A prescription for fair housing during the COVID-19 pandemic
Before the COVID-19 pandemic, the United States was already grappling with racial and economic disparities in affordable and safe housing for its people. There were large areas in cities with limited access to health care, neighborhoods with older housing that was decades old, low-income minority families living in nearby neighborhoods, and a growing homeless population. The pandemic has resulted in significant job losses, with loss of income and health insurance for many people, especially low-income, immigrant and minority families, with concerns of deportation in groups of people already faced with structural racism and poverty. Composed largely of essential workers, a combination of occupational hazards, residential overcrowding, and increased domestic care responsibilities have played a major role in increasing COVID-19 incidence rates (and mortality). Housing insecurity has been a crucial social determinant of health during this pandemic and offers lessons relevant to location-based discrimination for millions of Americans.

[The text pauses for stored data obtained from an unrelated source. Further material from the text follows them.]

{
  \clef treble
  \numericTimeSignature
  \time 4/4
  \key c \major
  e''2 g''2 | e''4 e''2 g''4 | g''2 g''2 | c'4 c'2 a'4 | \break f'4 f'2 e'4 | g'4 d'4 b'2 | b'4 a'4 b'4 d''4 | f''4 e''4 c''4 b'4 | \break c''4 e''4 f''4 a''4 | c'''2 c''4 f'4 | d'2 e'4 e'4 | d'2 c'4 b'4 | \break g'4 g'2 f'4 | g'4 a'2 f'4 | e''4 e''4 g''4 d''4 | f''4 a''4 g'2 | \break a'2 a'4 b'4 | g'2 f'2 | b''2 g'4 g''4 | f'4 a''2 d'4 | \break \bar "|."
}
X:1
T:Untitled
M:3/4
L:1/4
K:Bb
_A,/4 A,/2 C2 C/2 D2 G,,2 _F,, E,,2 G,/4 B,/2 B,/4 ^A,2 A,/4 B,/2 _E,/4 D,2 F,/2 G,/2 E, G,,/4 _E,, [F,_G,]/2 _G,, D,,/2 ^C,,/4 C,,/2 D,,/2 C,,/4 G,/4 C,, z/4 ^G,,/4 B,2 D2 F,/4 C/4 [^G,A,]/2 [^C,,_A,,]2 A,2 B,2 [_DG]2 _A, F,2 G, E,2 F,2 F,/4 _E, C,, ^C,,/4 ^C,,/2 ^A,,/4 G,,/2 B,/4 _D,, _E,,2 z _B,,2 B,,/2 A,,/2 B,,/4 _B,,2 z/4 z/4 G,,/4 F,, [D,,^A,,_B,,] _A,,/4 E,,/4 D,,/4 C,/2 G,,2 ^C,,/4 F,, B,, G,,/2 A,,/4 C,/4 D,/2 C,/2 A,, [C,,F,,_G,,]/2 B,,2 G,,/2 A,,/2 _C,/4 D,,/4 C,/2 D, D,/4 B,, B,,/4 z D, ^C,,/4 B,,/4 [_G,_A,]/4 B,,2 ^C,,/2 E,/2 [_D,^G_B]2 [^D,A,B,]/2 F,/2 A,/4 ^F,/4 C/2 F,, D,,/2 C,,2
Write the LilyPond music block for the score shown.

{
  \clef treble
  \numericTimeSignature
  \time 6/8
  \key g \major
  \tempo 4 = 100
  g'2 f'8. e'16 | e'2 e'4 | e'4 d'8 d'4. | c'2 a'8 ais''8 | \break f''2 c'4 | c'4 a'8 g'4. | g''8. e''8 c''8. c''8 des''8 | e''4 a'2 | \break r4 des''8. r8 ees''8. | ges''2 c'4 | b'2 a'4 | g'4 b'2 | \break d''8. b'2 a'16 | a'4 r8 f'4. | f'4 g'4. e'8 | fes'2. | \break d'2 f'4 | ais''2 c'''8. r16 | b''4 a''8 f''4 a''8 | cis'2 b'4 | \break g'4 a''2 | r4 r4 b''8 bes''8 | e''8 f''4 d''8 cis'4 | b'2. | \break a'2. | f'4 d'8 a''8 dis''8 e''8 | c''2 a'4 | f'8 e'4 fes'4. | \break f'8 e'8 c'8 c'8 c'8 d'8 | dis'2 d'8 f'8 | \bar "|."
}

When assessing the origins of housing discrimination and residential segregation, historical redlining comes to mind. A striking example of de jure segregation, the federally funded Home Owners’ Loan Corporation in the 1930s produced maps that offered a color-coded scheme to subdivide American neighborhoods into a risk-based ranking for approvals. mortgage. These explicit racist policies have diverted investment from minority neighborhoods and forced black, low-income or immigrant residents to move to unsafe neighborhoods.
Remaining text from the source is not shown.